Certes, il y a bien, de temps à autre, une " disparition ". Mais rien de semblable aux épidémies véritables que connaissent d’autres établissements. Pas de " violences " non plus, ni même de graffitis divers. Pas de " loubards " rôdant à l’extérieur attendant les sorties pour racketter. Peu ou pas de " chahuts ". Évidemment pas d’agressions de professeurs ou de bagarres entre élèves. Des relations somme toute faciles et détendues entre collègues, entre professeurs et élèves, et avec l’administration.

Les choses tournent paisiblement, sans heurts majeurs ni éclats de voix, et, bon an mal an, les résultats aux examens confortent cette image de paix et d’harmonie, et aussi d’efficacité douce : " Si vous aviez à proposer quelque modification dans le fonctionnement du lycée, qu’est-ce que… – Non, rien. Rien de spécial, c’est très bien comme ça. " (Réponse d’un élève de seconde, novembre 1982).

Et si cette " paix ", légitimement appréciée de tous, permettait, grâce à l’absence de phénomènes " folkloriques " (violences, vols, etc.), de saisir précisément la réalité même de l’institution dans sa pureté ? Rien ne semble pouvoir venir ici obscurcir ou dévier le regard : qu’en est-il donc de cette " paix ", de cette " harmonie ", de cette " transparence " ? Pas de ruptures, pas d’" accidents ". L’histoire se serait-elle arrêtée, en ce lieu privilégié ? " Quand on compare avec d’autres boîtes, on se rend compte qu’ici on est plutôt privilégié. " (un collègue, novembre 1982). L’ordre quotidien n’apparaît-il pas ici comme " naturel ", allant de soi ? Certes, il peut arriver que des questions se posent : quelques manques en équipements, un poste non pourvu à la rentrée, parfois aussi un élève ou un collègue sortent du cercle, se révèlent " ex-centriques "… Mais le traitement alors appliqué vise à rétablir le fonctionnement " normal ", naturel ; ce fonctionnement lui-même n’est ni interrogé, ni remis en question : " Il y a une chose qui m’a frappé : avant d’être délégué, je croyais que les conseils de classe étaient beaucoup plus durs, les profs… comment dire ? plus méchants. En fait l’ambiance est plutôt sereine, bon enfant, c’est bien un tribunal, mais finalement c’est plutôt gentil… " (un élève de terminale, mars 1981). Pas ou très peu d’agressivité donc, pas de malaise apparent. Il y a bien jugement, mais le tribunal est doux, bienveillant.

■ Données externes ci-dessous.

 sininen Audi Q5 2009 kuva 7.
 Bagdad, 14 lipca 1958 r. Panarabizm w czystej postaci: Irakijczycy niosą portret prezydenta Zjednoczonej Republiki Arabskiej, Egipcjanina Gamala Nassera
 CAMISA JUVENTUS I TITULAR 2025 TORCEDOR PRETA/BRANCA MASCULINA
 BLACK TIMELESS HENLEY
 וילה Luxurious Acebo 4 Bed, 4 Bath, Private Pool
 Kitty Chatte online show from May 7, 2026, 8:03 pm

Disons-le tout de suite, quitte à brusquer : cette pureté de l’institution se fonde sur des mécanismes précis qui fonctionnent en toute innocence (inconscience) ; cette transparence est une apparence, cette clarté peut aveugler. Sur quels mécanismes peut se construire le consentement à un ordre vécu aussi naturellement ? Quelques repères, ici, seulement, pour provoquer.

Saturation

Mercredi après-midi : bac blanc de maths ; jeudi : interro de physique ; vendredi : interro d’anglais ; moi, je ne viendrai pas lundi. " (un élève de terminale, le 10 décembre 1982, à propos de la journée nationale de consultation du 13 décembre). " Jeudi : cinq heures d’élec., deux heures de maths, deux heures de méca ; ne me demandez rien le lendemain. " (un élève de TS (2), novembre 1982).

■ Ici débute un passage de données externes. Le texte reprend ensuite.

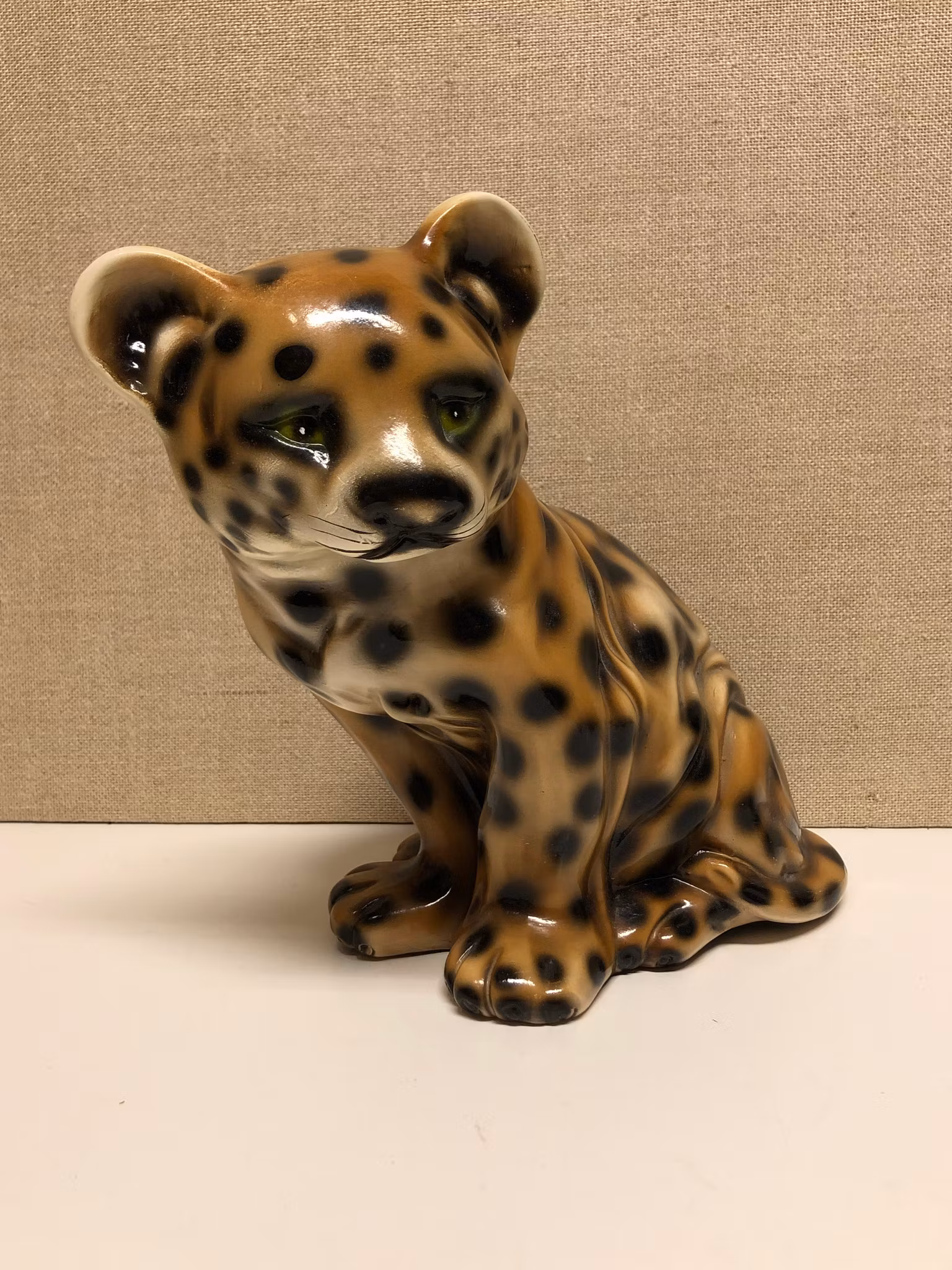 FIGURIN, Stor leopard unge, keramik, 1900-talets andra hälft.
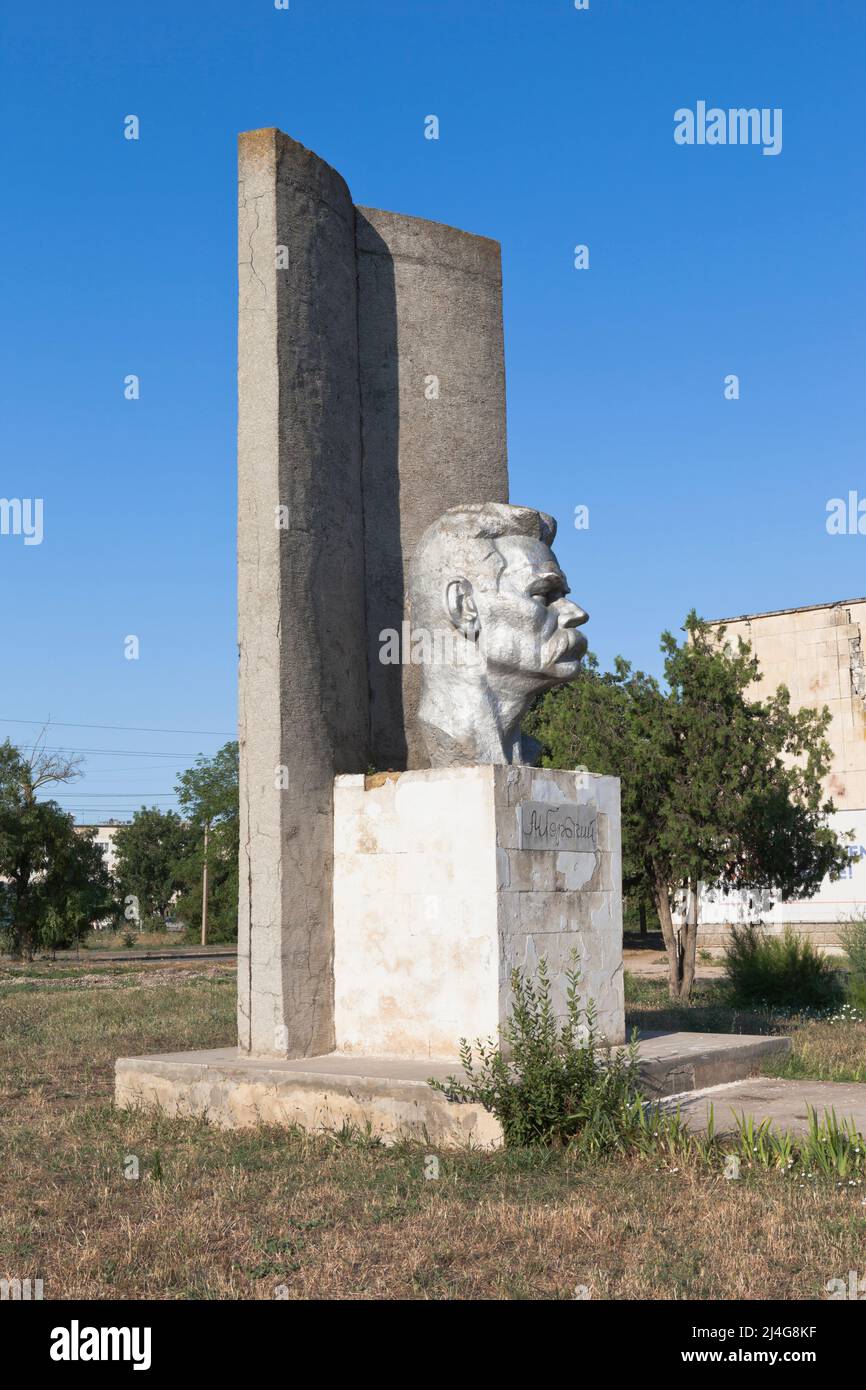 Uyutnoye, Saksky district, Evpatoria, Crimea, Russia - July 24, 2021: The crumbling monument to Maxim Gorky on Kirov street in the village of Uyutnoye Stock Photo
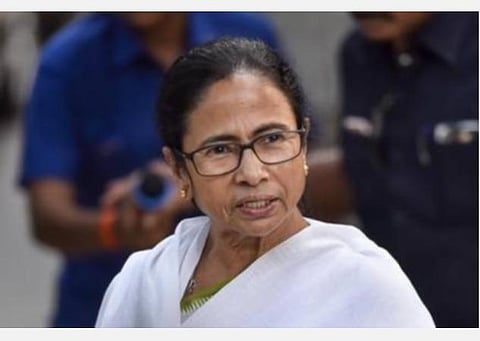 கரோனாவுக்குத்தான் லாக் டவுன், கவர்னருக்குமா லாக்-டவுன்: மம்தாவுக்கு மே.வங்க ஆளுநர் அறிவுரை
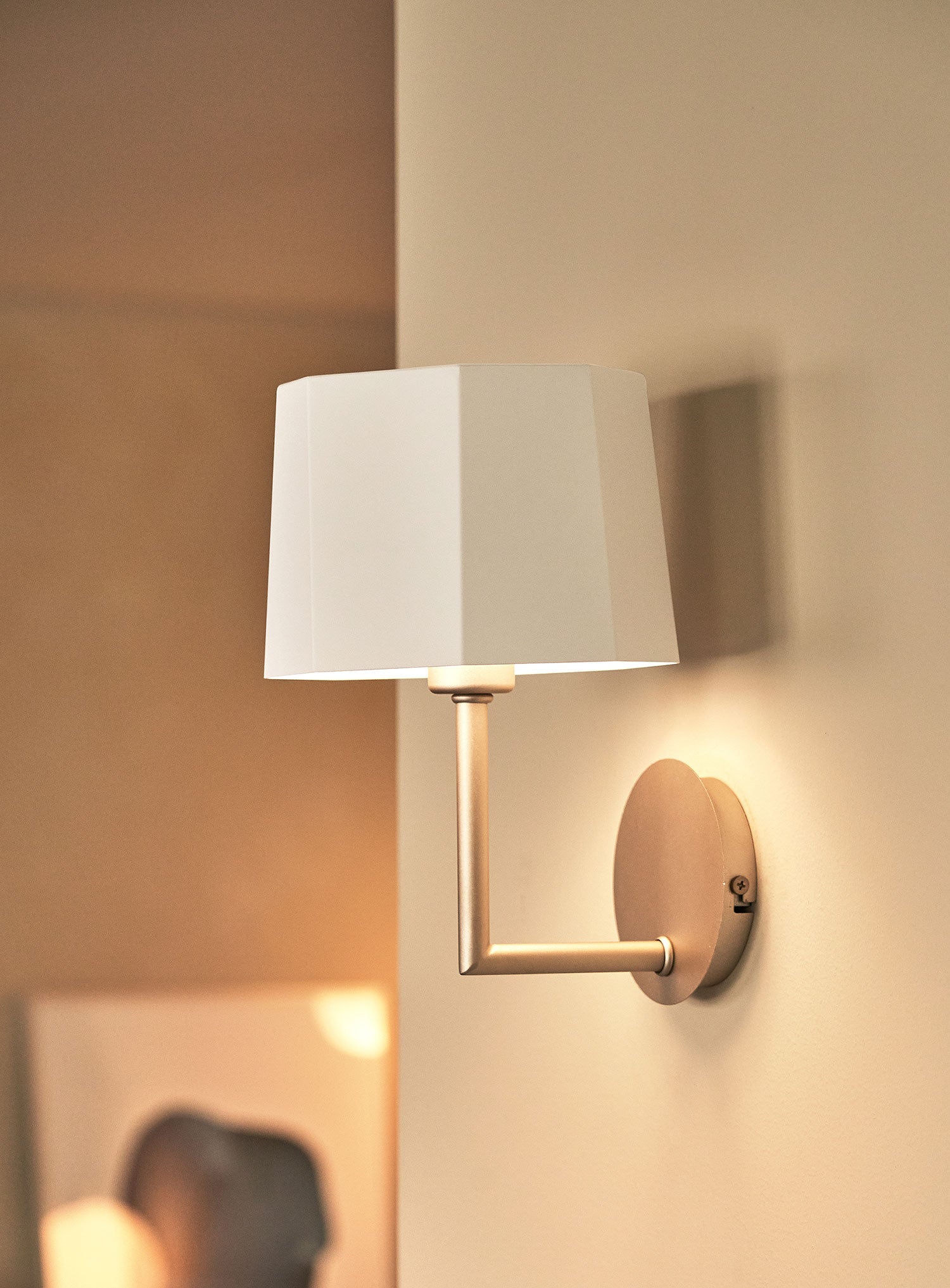88 Wall Lamp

Tout est plein. Immuablement, d’une semaine à l’autre, se répète un emploi du temps et de l’espace absolument saturé. Pas de fantaisies possibles. " L’oisiveté est la mère de tous les vices " : aussi la vertu s’obtient-elle d’abord par cette saturation. Les fissures, les failles, les trous qui pourraient apparaître sont aussitôt comblés : " Pas le temps… ", " Le programme est ce qu’il est… ", " De toute façon, si on veut avoir son bac… " (élèves de terminales). Mais ce " plein " n’est pas une " plénitude " : il est fragmentation, éparpillement, juxtaposition d’éléments hétéroclites. Jonction de la saturation et du morcellement.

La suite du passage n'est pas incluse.